Hello, hello, hello! I know, you're all thinking "where the heck did you go? Did you kill yourself after the depressing last post?" Nope, I'm still here fighting the monkey on my back. I'd also like to make the announcement that I am 8 pounds lighter than when I started Weight Watchers. Woot woot!

Now on to the informational portion of our meeting:  Here's the low down on my video making status....it's a lot harder than anticipated. I can't have the camera on a tripod because I'm out of frame a bunch of the time. That means I must have a camera person, right? Well, I have a 7 year old helper and a 10 year old helper (the 14 year old would rather DIE than film me making a fool of myself). Both of my available helpers either want to join in the fun or are laughing so hard the camera is shaking and it looks like the Blair Witch Project. So I'm working on that for y'all. I want you all to be the first to know that I'm working on creating a new form of exercise that combines cardio, strength "training" and graceful movement. It's called spastic splendor and I discovered it while jumping around after dropping a can on my foot. I was holding two heavy cans and a can from the counter dropped on my foot. I immediately started jumping around flailing my arms, spinning in circles and chanting some very flattering words. After I stopped I noticed that I was out of breath, my arms were tired from flailing while holding cans and my thighs were starting to smart from doing some sort of squat/lunge jumping movement. I realized that this is a great way to let go of stress and get a good workout so I'm going to start holding classes in the play room for the kids to let out their inner spaz. I think I may even teach it to Emma's youth group on Mentor night, what a great way to bond with her and her friends, right? 

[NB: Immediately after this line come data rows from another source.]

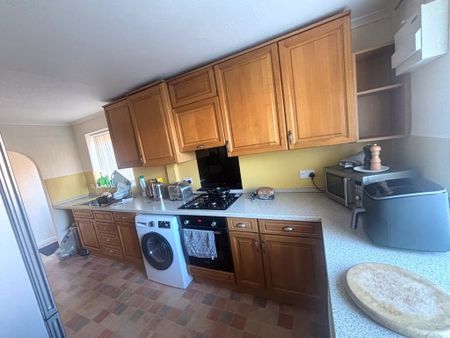 2 bedroom semi-detached bungalow to let - Photo 3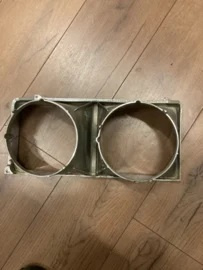 Headlight bezel LH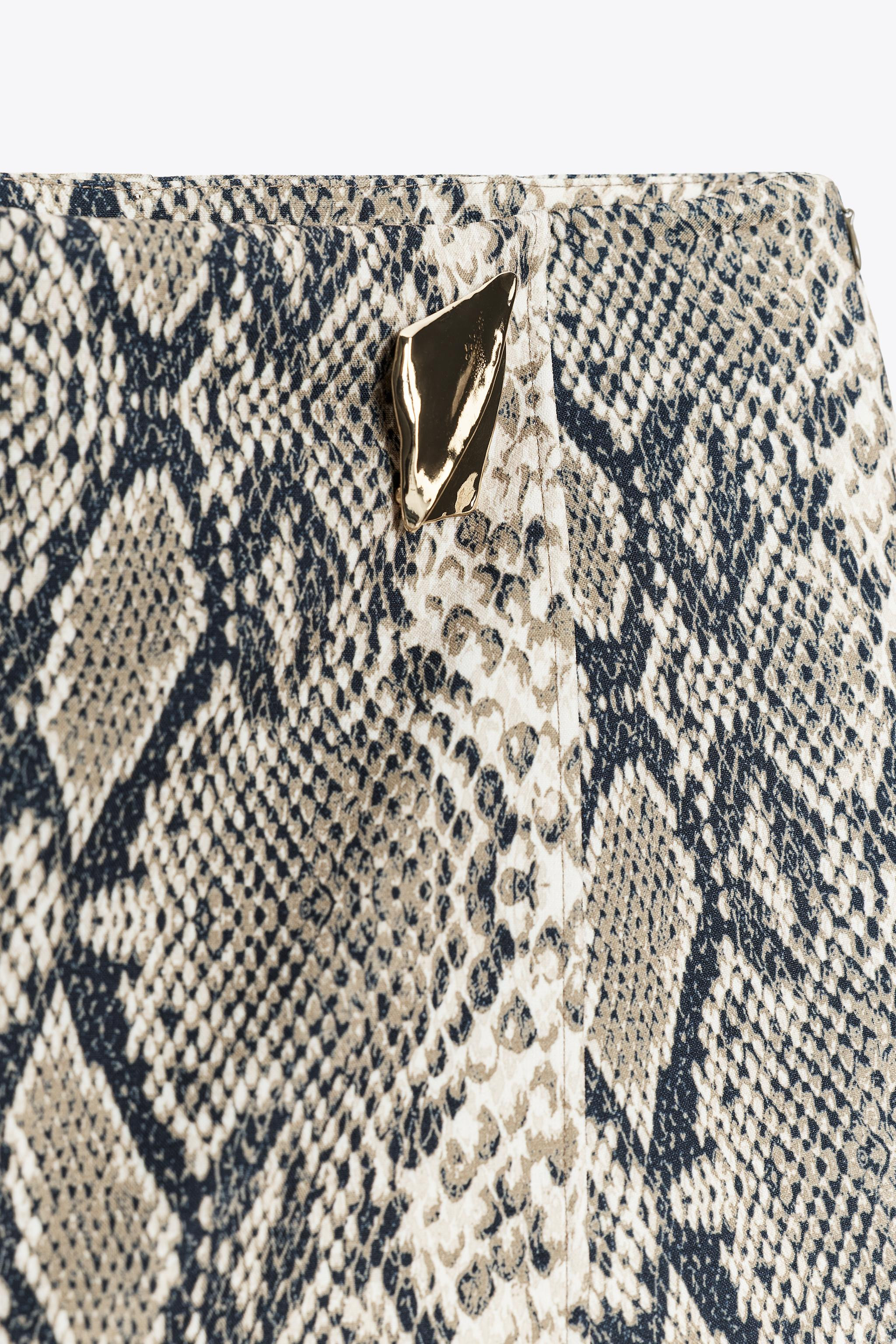 ASYMMETRICAL CULOTTE SKIRT WITH APPLIQUE | Zara US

Hey, have you seen those shaking your fat off machines? They're supposed to be equivalent to 1 hr in the gym for 20 minutes on this machine. They have them in some malls now, you can pay a fee and do your fat shaking right there for everyone to see!! It's like a train wreck, I feel sad for the people but I must to watch them shake their stuff. It's a stand on machine with rails that shakes so fast it's like...I don't know what it's like but I'm SOOOOOO tempted to try it just to say I did. Anywho, this thing makes all the flesh on your body shake like a glorious, rippling fiesta of flubber! I want to go to that party! All I can think of is how the helicopter do those peeps not get shaken baby syndrome? They're actually doing push ups on this thing and various poses that are supposed to work the different areas of your body and then when you're done it's like having sea legs on land. You walk all crazy like you're drunk! I tried to find a vibration fitness funny video on you tube but apparently it's a very serious business so I didn't find anything funny. What is this world coming to that we need to shake our fat off in 20 minutes at the mall? Who knows the brain damage this will cause, but then I'm so curious I must know what it's like. Hmmmm, if only it weren't smack dab in the middle of one of the biggest malls around I might try it out. If I had one of these at home I would use it and make all my phone calls during that time, how fun would it be to sound like you're talking through a fan all the time? I think I may have to do a post where I try all the crazy weight loss things I come across, like the vibration exercise and colonic that I've spoken of in a past post. I'm thinking of buying adult hippity hops and making that part of my exercise plan. Would that not be the most fun ever? Although I think a 41 year old woman hippity hopping down the road might be more embarrassing than letting a machine shake my fat for the world to see. Do I care? Well, yeah, kinda, but it sounds like so much fun :) Look, I'm smiling just writing about it.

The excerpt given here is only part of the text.